Dear Steve, I have never written you a letter to explain all this. I am aware that you could never understand what I am going through unless you yourself were in my position. I pray that never happens! Please believe me when I say I am very sorry.
Unwilling to give up his fatherhood
James, then 45, was running a computer store with his wife Linda, and beside the 17 year old Steve had a 14 year old daughter and a grown-up adopted son. With that letter, James had taken his leave as a man, but without wishing to renounce his fatherhood. Three and a half years later, James has become Jakkie. She is sitting in the MtF Clinic in Bangkok. Two weeks ago she underwent a gender reassignment operation, and now she has to attend twice daily for follow-up. She is tall and broad, with blue eyes, and a powerful handshake. She seems shy, her head bent forward slightly, her long brown hair falling over her muscular shoulders. The operation lasted six hours, a ridiculously short time given the almost 50 years Jakkie had been awaiting it, for the most part unconsciously.
Jakkie is wearing eyeshadow, she has three rings on each hand, lilac fingernails, and a lady’s watch, as she speaks about her previous life in the wrong body. In the corner behind her stands a bronze figure of a slender woman whose right arm has become a wing. The woman is attempting to take off, yet on her left side, instead of a wing, there is only an arm. At kindergarten, little James had wanted to wear make-up, Jakkie recalls. “No no, Jimmy, “ they had said. “It was as though I was living some kind of screenplay, and I played my role pretty well. But I was in the wrong role.” Sport, drinking beer, sex with girls – all the things that puberty bestowed upon his classmates – had no attraction for him. Whenever he gave them a try, it was just no fun. Puberty posed not the least problem for any of his classmates, “but for me it was hell.”
“I’m gender dysphoric”
Now for the facts. My condition is known as Gender Dysphoria. It refers to a feeling of discomfort with one’s own sex, and about 1 in 12,000 men and one in 37,000 women in North America suffer from it. These figures represent the reported cases, but there are thought to be twice as many actual cases. The condition is a sort of birth defect, and there are as yet no definite theories about its cause. The disturbance is called, in everyday language, transsexualism. I am gender dysphoric (GD). I hate the word ‘transsexual’ because of the perverted images that are associated with it. I see it a little differently from the medical world. I feel as though I was born a woman with malformed anatomy.
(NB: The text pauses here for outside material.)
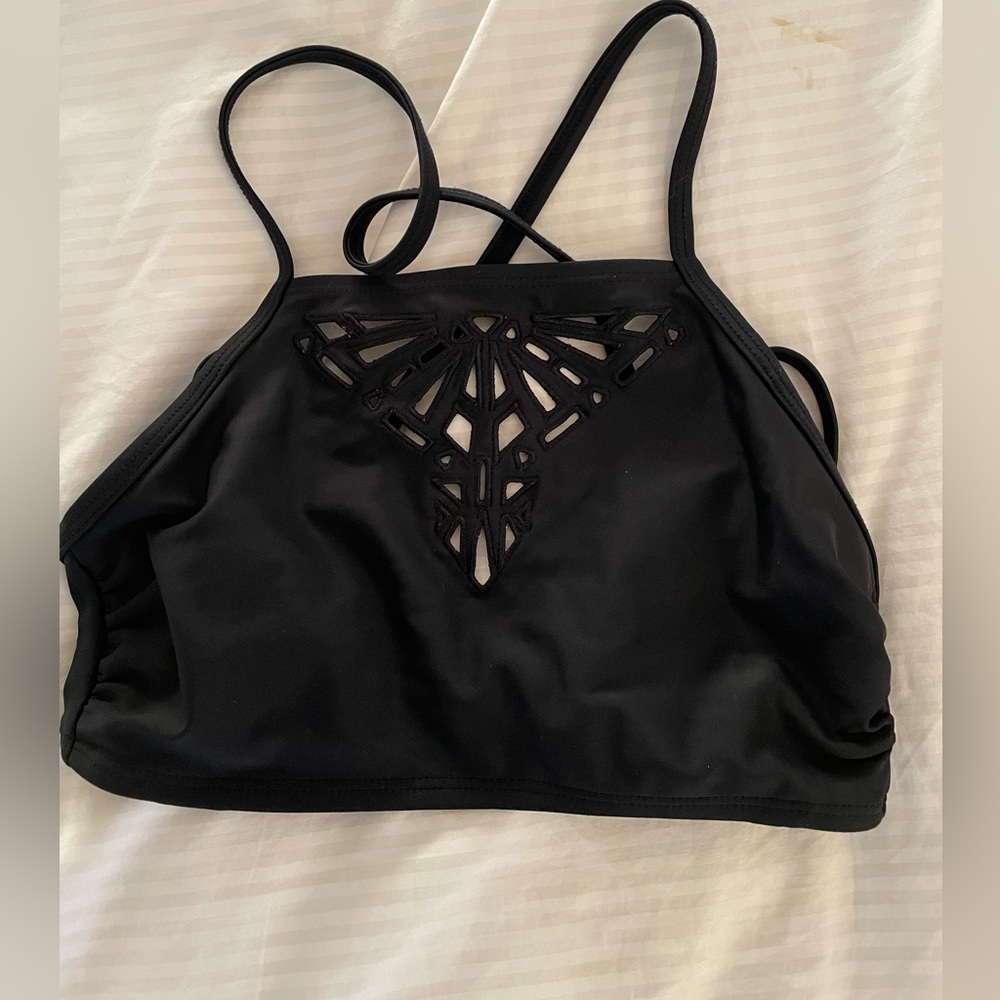 Swimsuit Lazer Cut Halter Swimsuit Top Black Pre owned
After leaving school, James did an apprenticeship as a mechanic, then quite suddenly got married to a childhood sweetheart. At work, he got to know the girlfriend of one of his workmates. She had him repair her car, and he fell in love with her. Linda was three years older than he. His ‘unmasculine, sensitive face’, as Jakkie puts it, did not bother her: quite the opposite. She already had several failed relationships behind her, and a young son from one of them. Four months after his divorce, in 1985, the pair married, had first a son, Steve, then a daughter, Jessica, and enjoyed a harmonious marriage. Sex, however, lacked passion. At some time, after a couple of years, they simply gave it up.
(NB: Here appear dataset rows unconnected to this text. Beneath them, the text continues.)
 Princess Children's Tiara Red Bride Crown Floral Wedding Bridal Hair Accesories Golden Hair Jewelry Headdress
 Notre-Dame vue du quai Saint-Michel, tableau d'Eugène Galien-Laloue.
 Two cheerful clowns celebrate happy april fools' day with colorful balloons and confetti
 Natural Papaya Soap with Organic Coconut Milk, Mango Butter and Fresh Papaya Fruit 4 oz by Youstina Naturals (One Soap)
Fetishist? Transvestite? Homosexual?
Whenever there were big events in the village, men and women would enjoy them separately. For James, village celebrations were tedious ways of proving one’s masculinity. Such behaviour was anathema to him from an early age. Rock music and cars were the only topics where he was willing to join in. It was only in the garage that he felt as at ease as he did when he was home with the kids or in the computer store. Linda and he spent almost every day and night together. For the first few years they worked together from home, then later they had their own store. He did the technical things, she did the bookkeeping. He could talk to Linda about everything – but not about the person he was, unable even himself to put a name to it. Fetishist? Transvestite? Homosexual? One ordinary working day in January 2000, James was sitting in the store, surfing the Internet. He was looking for some software that a customer wanted to have installed on their computer.
I stumbled upon an article by a woman, Melanie Phillips, a writer, film producer and journalist, who described how she had grown up as a boy and even as an adult was a man. It could have been my own life that was being described.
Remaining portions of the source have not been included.